Target deduplication appliance performance comparison

The world of target dedupe has changed significantly since I wrote my first performance comparison of target deduplication vendors 18 months ago.  It wasn’t until I made the chart for this blog entry that I realized how much they had changed.

Caveat Emptor

As I said in the last post, please remember that I am publishing only what the vendor advertises.  Some vendors that didn’t like the numbers I published last time said that I’m validating the numbers by publishing them here and that’s nonsense; I am only collecting information from a variety of public sources and normalizing them so they can all be put into the same table.  If they say they support 4, 8, or 55 nodes in a global dedupe system, then that’s what I put here.  If they say they do 1000 MB/s, then that’s what I put here.  I have verified some of these numbers personally; however, since I haven’t verified them all, I do not believe it would be fair to speak publicly about the ones I have verified.  Not to mention that is actually how I make my living. 😉

Global Dedupe Matters

Before discussing the numbers, I once again feel it is important to explain why I allow some products to add the throughput of multiple nodes together, and I require other products to use only the numbers for a single node.  It’s simple.  If a vendor’s nodes behave like one node from a dedupe standpoint (i.e. they have global, multi-node, dedupe), then they can put them together.  If they behave like multiple independent nodes (i.e. they don’t have global dedupe), then why should they be allowed to put them together and call them one node?
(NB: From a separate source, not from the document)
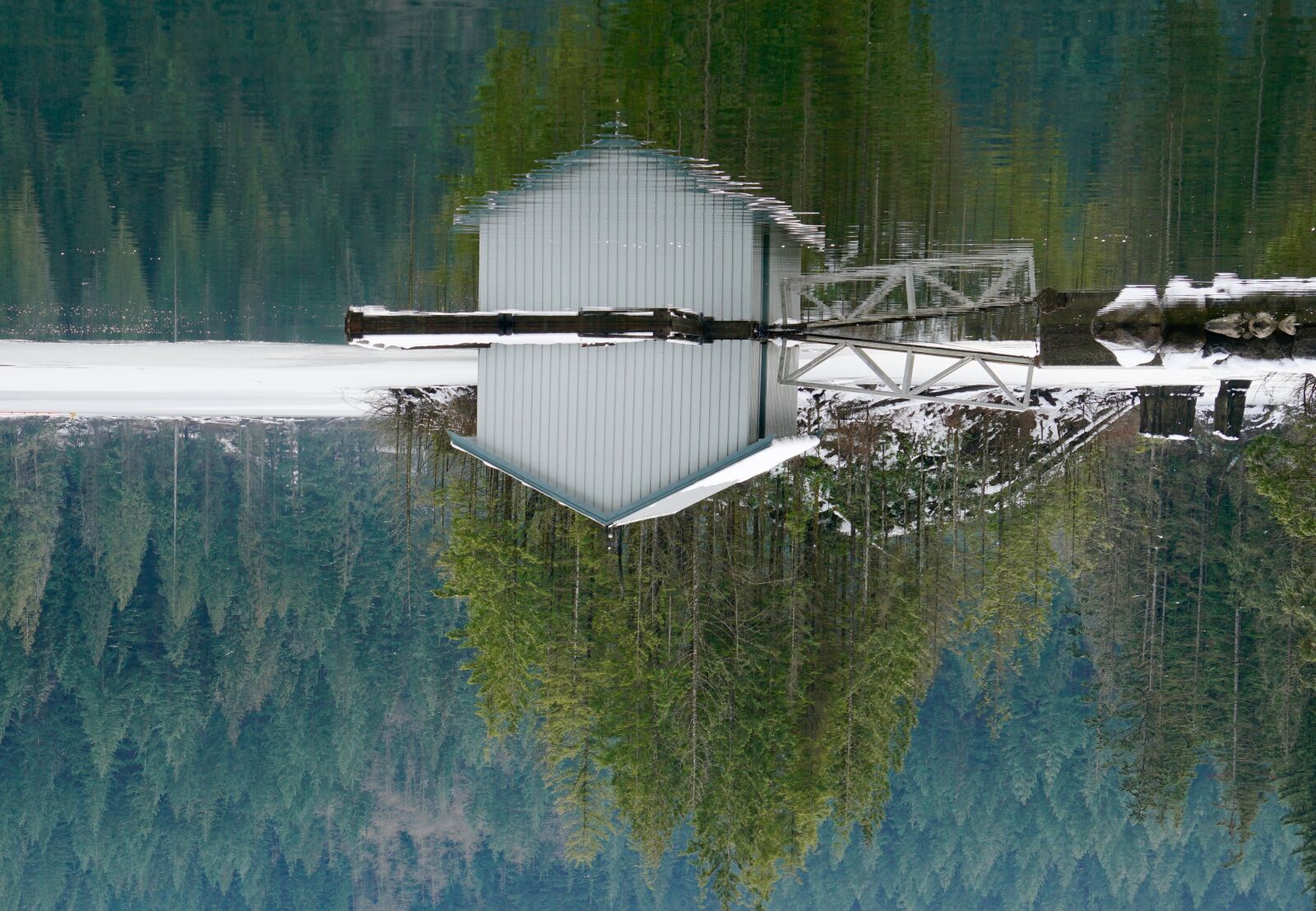 Sony a7R II + Sony Vario Tessar T* FE 24-70mm F4 ZA OSS sample photo. Buntzen lake, boat house photography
I’ll give you two examples from the target dedupe market leader, EMC/Data Domain, to illustrate my point. Let’s talk about their new GDA, or Global Dedupe Appliance and the DDX.   The GDA uses NetBackup’s OST and Data Domain’s Boost to load balance data across two DD880s and ensures that data is globally deduped across both nodes.  It is two nodes acting as one; therefore, it is perfectly valid to publish its throughput rate as one number.  The DDX, on the other hand, is a different story.  EMC continues to advertise the DDX as “a 16-controller DDX array [that] provides up to 86.4 TB per hour throughput.”  The problem is that it’s only an array in the general sense (e.g. an impressive array of flowers), not in the IT sense (e.g. a disk array).  The DDX Array is really just 16 Data Domain boxes in a rack.  They know nothing of each other; if you send the same exact data to each of the 16 arrays, that data will be stored 16 times.  Therefore, I do not use the numbers for the DDX in this table.

Vendors More Open

One of the things that has changed since I did this 18 months ago is that vendors now publish all their numbers.  Specifically, the post-process vendors put their dedupe rates on their website, rather than just publishing their ingest rates.  I don’t know if it was this blog post that coerced them to do that or not, but I’d like to think I helped a little.  The result is that this table was published using only numbers that are publicly available on their website, and in no cases did I find a vendor that didn’t have their numbers somewhere publicly on their site.  Bravo, vendors.

Backup Only

I am publishing only backup numbers for two reasons.  The first (and biggest) reason is that they tend not to publish their restore numbers, and I wanted this post to use only published numbers.  The second is that (with a few exceptions), the performance numbers for restore tend to be in line with their performance numbers for backup.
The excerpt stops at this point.